Data¶

To use ML cube Platform, you need to upload the data that your artificial intelligence algorithms deal with. They are represented by the Data logical entity, which is a complex object composed of many different elementary units.

According to the context, the Data object has some required entities to be considered valid: for instance, training data require both input and target, while production data are still valid with only inputs.

Each elementary unit in the Data object belongs to a Data Category, which represents an consistent group of data. Available categories are:

Data Category	Description
Input	The set of input data like features in Tabular Task or the Image in Object Detection Task.
Target	The ground truth data representing the actual class in a Classification Task or the value to predict in Regression.
Prediction	The AI model's prediction using the Input data.

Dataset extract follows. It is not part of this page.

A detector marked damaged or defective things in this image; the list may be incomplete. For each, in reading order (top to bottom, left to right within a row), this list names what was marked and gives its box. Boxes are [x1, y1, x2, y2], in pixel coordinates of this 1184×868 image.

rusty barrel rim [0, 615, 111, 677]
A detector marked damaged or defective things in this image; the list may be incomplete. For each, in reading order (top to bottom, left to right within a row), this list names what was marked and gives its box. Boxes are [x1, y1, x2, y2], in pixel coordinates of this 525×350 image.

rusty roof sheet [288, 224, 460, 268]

Data Category and Data Schema Column's Role¶

The Data Schema created for the Task contains a list of Column objects, each of which has a Role. Naturally, there is a relationship between the Column's Role and the Data Category. In fact, each Data Category comprises a set of Column objects with certain Roles. When you upload samples belonging to a Data Category, they must contain all the Columns objects declared on the Data Schema to be considered valid.

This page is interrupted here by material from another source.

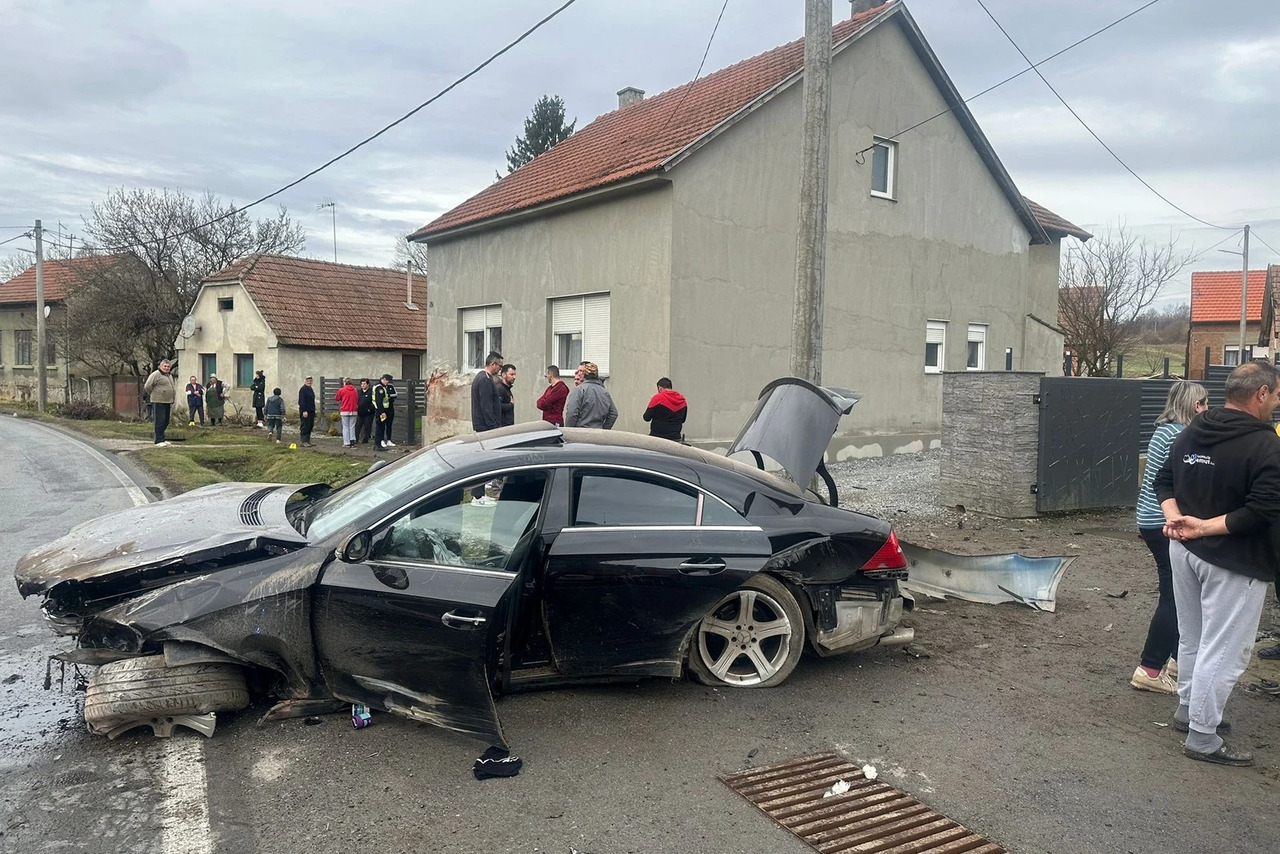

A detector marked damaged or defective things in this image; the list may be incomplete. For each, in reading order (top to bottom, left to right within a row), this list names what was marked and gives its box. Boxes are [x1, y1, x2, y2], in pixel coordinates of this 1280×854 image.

broken car trunk lid [14, 484, 312, 600]
crumpled front hood [17, 484, 316, 600]
wrecked black mercedes [12, 378, 912, 744]
damaged fence panel [896, 544, 1072, 612]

The following table shows these relationships:

Data Category	ID	Time ID	Input	Input additional embedding	Target	Target additional embedding	Prediction	Prediction additional embedding
Input
Target
Prediction

Note

As you can see Column's Roles ID and Time Id are always required because are used by ML cube Platform to correctly link data units together.

Example

Consider a regression task with three inputs variables \(X_0, X_1\) and \(X_2\). In the Data Schema they are represented by three Column objects with Input Role. When uploading Input Data Category, the csv file must contain the three Input Columns, the Time ID and the ID like:

sample_id,time_id,x_0,x_1,x_2
abc123,1234,3.5,100,23.0

Data Batch¶

ML cube Platform supports batch-based data processing, which means that data samples are uploaded together as a batch. Therefore, the Data object described above must contain, for each Data Category, the same set of samples to form a consistent batch. The only exception is for Target data that, given the fact that they may be obtained through labeling, can be present partially.

Warning

Even if Target data can be uploaded partially, they must be a subset of samples of Input or Prediction.

In any case, the presence of a Data Category in a Data Batch depends on the context in which it is uploaded. In the next section we explain what is meant by the Historical, Reference and Production data.

Info

You can see your uploaded data batches in its own page in the web app. With information about the origin of data, the data categories it contains and what monitoring has been done.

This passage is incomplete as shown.